It's hard to say the Spurs need to shift paradigms when they are only not "championship contenders" because they might not be able to beat the Warriors. That's only a temporary obstacle. They would beat Houston and OKC in the playoffs, so it's not particularly clear that those teams have the right paradigm either.
The Spurs' weakness in their back court has nothing to do with Pop's philosophy for roster management. It has everything to do with the individual players declining. These guys in their 2014 forms would form an elite perimeter unit. The reason why that seems like a style other teams don't follow is that other teams don't have four backcourt guys who have been good enough and selfless enough financially to stay together that long. If the Warriors stay good for three or four more years, we'll stay to see them go the same way. Utah let their guys play forever. Nash and Hill were there until they were jerky. Memphis only let Carter and ZBo walk because they switched coaches, and they are clinging to Marc and Conley even still. Dallas with Dirk and Barea. We can keep going.

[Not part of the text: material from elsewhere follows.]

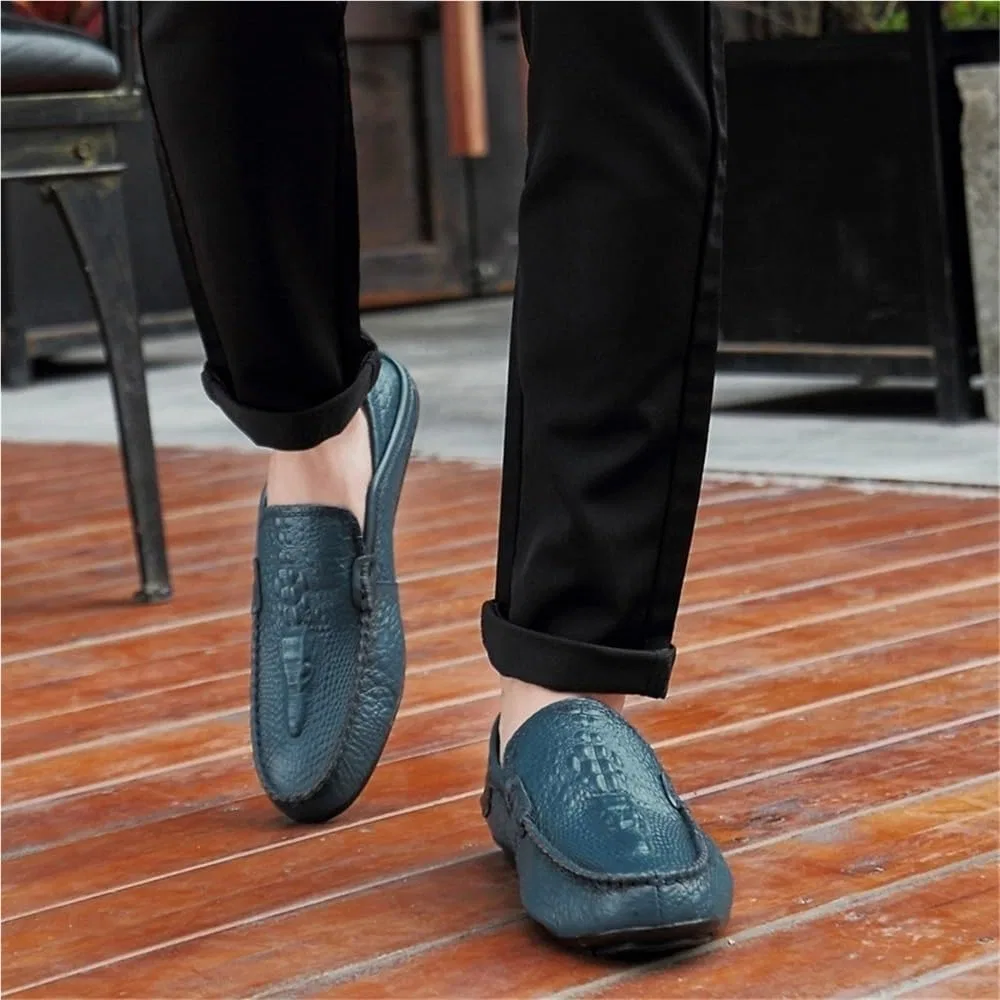 Лоферы с крокодиловой текстурой, Loafers, Blue DHFIRUFSHLO — фото 2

Mills isn't old, used to be dynamic and was important for chemistry. I wouldn't have kept him, but I don't think it was a bad move, especially independent from salary. Manu was iffy, but he's playing so well that isn't the problem. Parker played well to end his season last year and may still do so again. I've wanted them to upgrade the backcourt for years now, but I also think they are playing about as badly as they are going to play this year. The team drafted two guards in a row along with having a promising one in Forbes locked into an Arenas RFA situation. It's not like they don't have a semblance of a future there. The plan going forward is to get the most of out Parker/Murray, keep Manu on ice, get Green healthy and hope Patty can become more consistent. That's dicey, but it's not that much worse than hoping Gay and Kawhi are healthy, that Pau stays effective in May and that Anderson or Bertans can be a rotation player going forward.